◆ **TASK REQUIREMENTS**
Repeat everything in the data exactly except images.

◆ **STORED DATA**
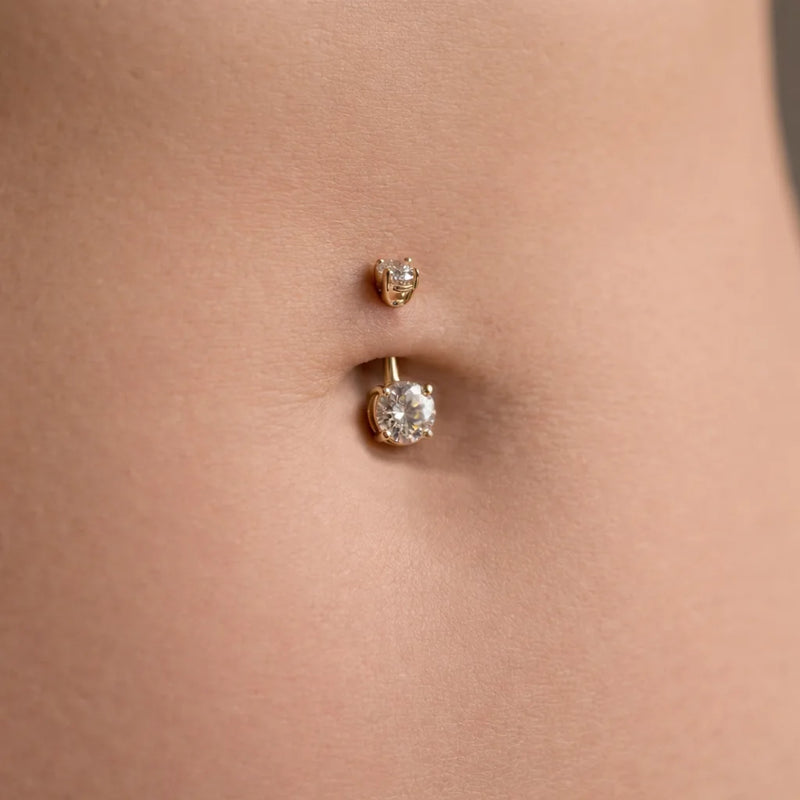 14k yellow gold 1.45 CTW diamond navel ring shown in pierced belly button for fit reference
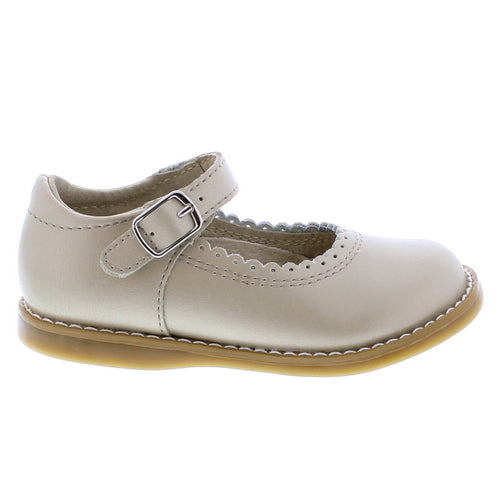 Make every step comfortable with Footmates Allie Mary Jane. Featuring an adjustable hook-and-loop strap and Custom Fit System with two interchangeable insoles for a perfect fit. The scalloped detail adds a sweet touch to this simple loafer.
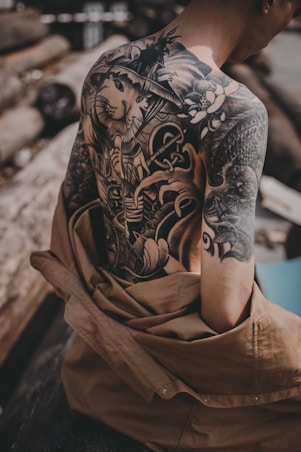 person in brown and black floral long sleeve shirt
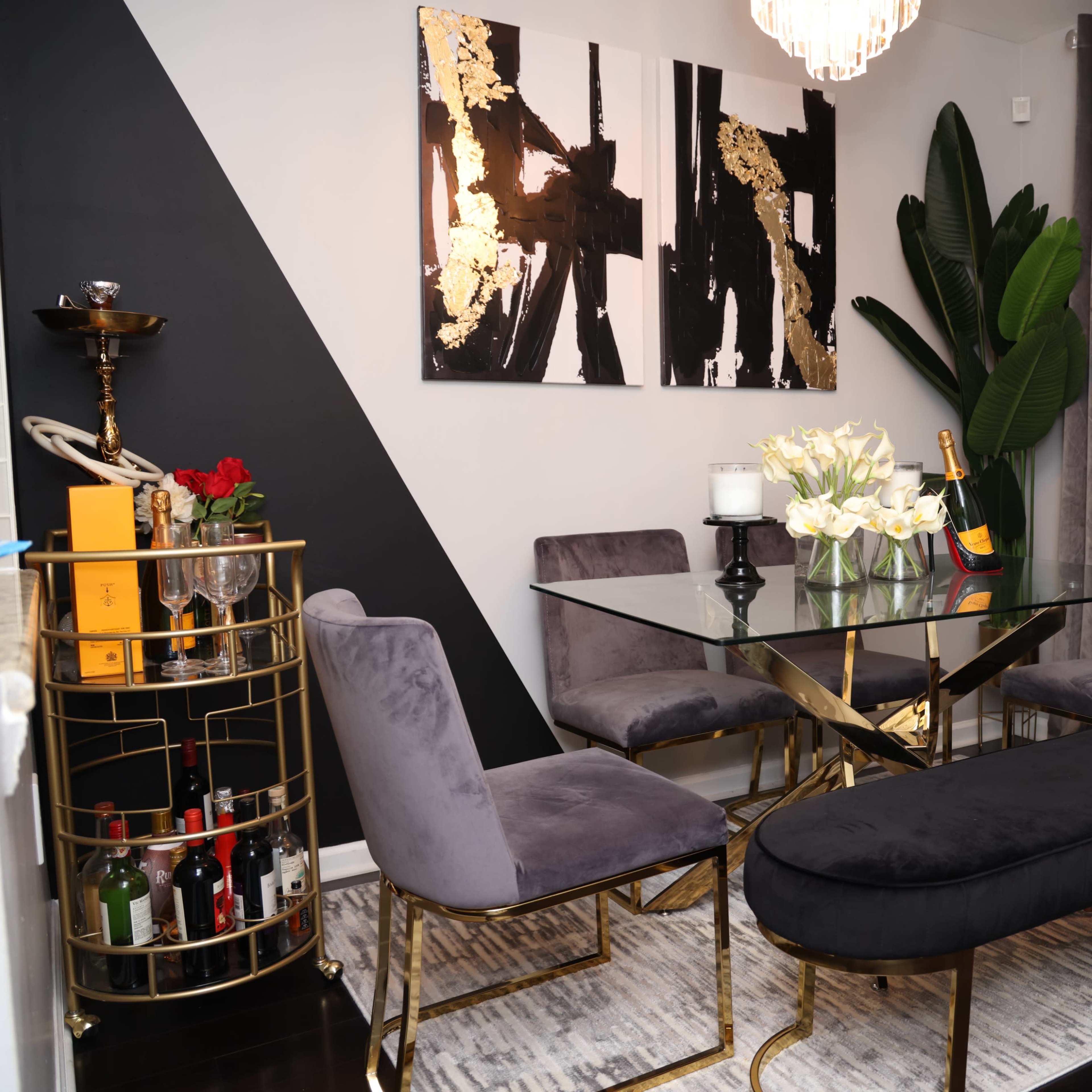 A modern dining area features a glass table surrounded by gray velvet chairs, a gold-accented bench, and a bar cart filled with bottles against a wall adorned with abstract art.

◆ **SOLUTION**
 14k yellow gold 1.45 CTW diamond navel ring shown in pierced belly button for fit reference
 Make every step comfortable with Footmates Allie Mary Jane. Featuring an adjustable hook-and-loop strap and Custom Fit System with two interchangeable insoles for a perfect fit. The scalloped detail adds a sweet touch to this simple loafer.
 person in brown and black floral long sleeve shirt
 A modern dining area features a glass table surrounded by gray velvet chairs, a gold-accented bench, and a bar cart filled with bottles against a wall adorned with abstract art.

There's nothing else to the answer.